Some probability is reviewed in chapter three of Deep Learing. More briefly, we get a quick reference on probability from Chen, et al. Probability Cheatsheet, (2015), which closely follows Blitzstein’s Introduction to Probability (CRC Press 2014). A clear and concise statement on probability is found in, believe it or not, Feynman’s Chapter 6 Probability in Lectures on Physics, Volume I Millennium Edition (Basic Books 2010). Another helpful review is found in Murphy’s Machine Learning, A Probablistic Perspective, Chapter 2 Probability (MIT Press 2012).

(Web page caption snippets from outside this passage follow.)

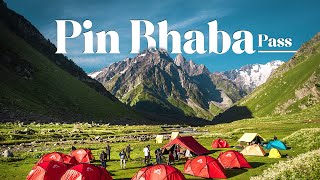 Pin Bhaba Pass  Journey to hidden Paradise  Trek The Himalayas [upl. by Anovahs]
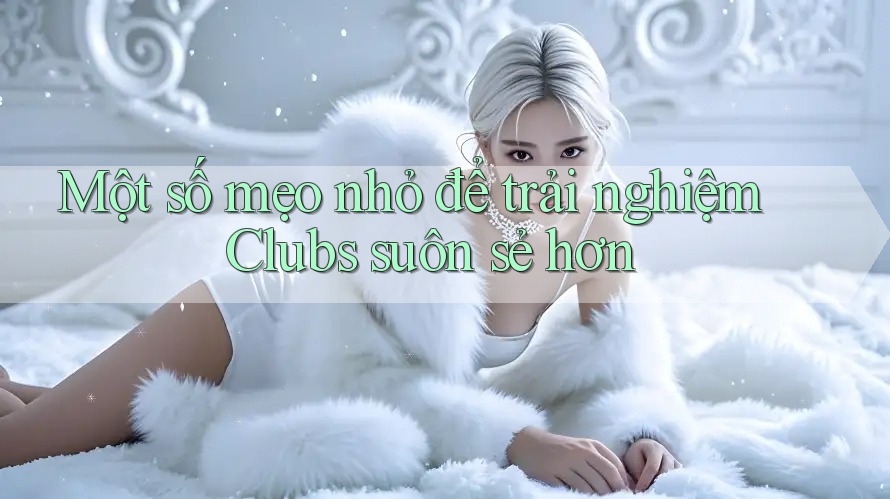 Một số mẹo nhỏ để trải nghiệm Clubs suôn sẻ hơn Một số mẹo nhỏ để trải nghiệm Clubs suôn sẻ hơn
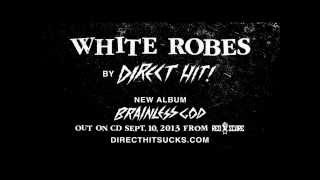 Video thumbnail of "DIRECT HIT - WHITE ROBES"
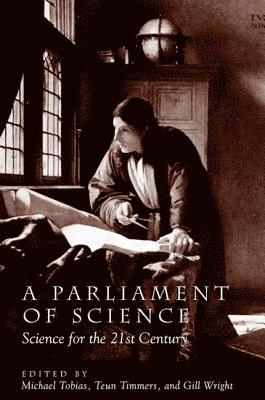 Michael Tobias, Teun Timmers, Gill Wright - Parliament of Science, Inbunden
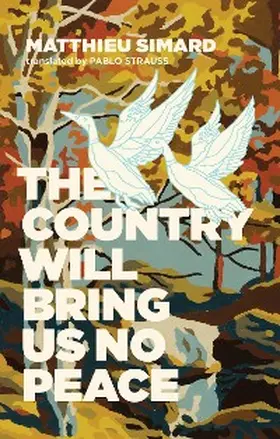 Simard |  The Country Will Bring Us No Peace | eBook | Sack Fachmedien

Borrowing from Gelman and Hill’s Data Analysis Using Regression and Multilevel/Heirarchical Models (Cambridge University Press 2007), linear “regression can be used to represent relationships between variables,” and “is a method that summarizes how the average values of a numerical outcome variable vary over subpopulations defined by linear functions of predictors.” With mathematical notation, we can represent Gelman’s description as \(y_i = \boldsymbol{X}_i \boldsymbol{\beta}+\epsilon = \beta_1\boldsymbol{X}_{i1}+\dots+\beta_k\boldsymbol{X}_{ik}+\epsilon\), for \(i=1, \dots, n\), where errors \(\epsilon_i\) are normally distributed with mean \(0\) and standard deviation \(\sigma\).

Least squares

Many methods are available to find \(\beta\) coefficients that provide the “best fit” to the data, depending on how we define the quality of fit. Commonly, we measure how we approximate \(\boldsymbol{Y}_i\) with \(\boldsymbol{X}_i \boldsymbol{\beta}\) in terms of the squared difference \(\boldsymbol{Y}_i-(\boldsymbol{X}_i \boldsymbol{\beta})^2\). More specifically, we measure the quality of our approximation globally using the loss function,

\[ L=\sum\limits_{i=1}^{n}{(\underbrace{Y_i}_{actual} -\underbrace{(\beta_1\boldsymbol{X}_{i1}+\dots+\beta_k\boldsymbol{X}_{ik})}_{estimate} )^2} \longrightarrow \text{minimize over } \boldsymbol{\beta} \] minimizing (a type of optimizing) the measure over all values of \(\boldsymbol{\beta}\). We call the minimized, linear expression the least squares line. Note that we can think of \(\boldsymbol{X}\) as either a random variable (bayesian view) or fixed (frequentist view). First, we’ll consider \(\boldsymbol{X}\) fixed, leaving \(\epsilon\) as random. In the simplest case, \(\epsilon\) is assumed to have normal distribution \(N(0, \sigma^2)\). By minimizing our estimate, we find the maximum likelihood estimate of \(\epsilon\), thus

\[ \hat{\sigma}^2=\frac{1}{n}\sum{(\boldsymbol{Y}_i-(\boldsymbol{X}_i \boldsymbol{\beta}))^2} \] One measure of fit is \(r^2 = \frac{SSR}{SST}\) where SSR is the regression sum of squares and quantifies how far the estimated sloped regression line \(\hat{y}_i\) is from the horizontal sample mean \(\bar{y}\), and SST is the total sum of squares and quantifies how much \(y_i\) vary around their mean \(\bar{y}\). Mathematically,

\[r^2=\frac{\text{SSR}}{\text{SST}}=\frac{\sum\limits_{i=1}^{n}{(\hat{y}_i - \bar{y})^2} }{\sum\limits_{i=1}^{n}{(y_i - \bar{y})^2} }\]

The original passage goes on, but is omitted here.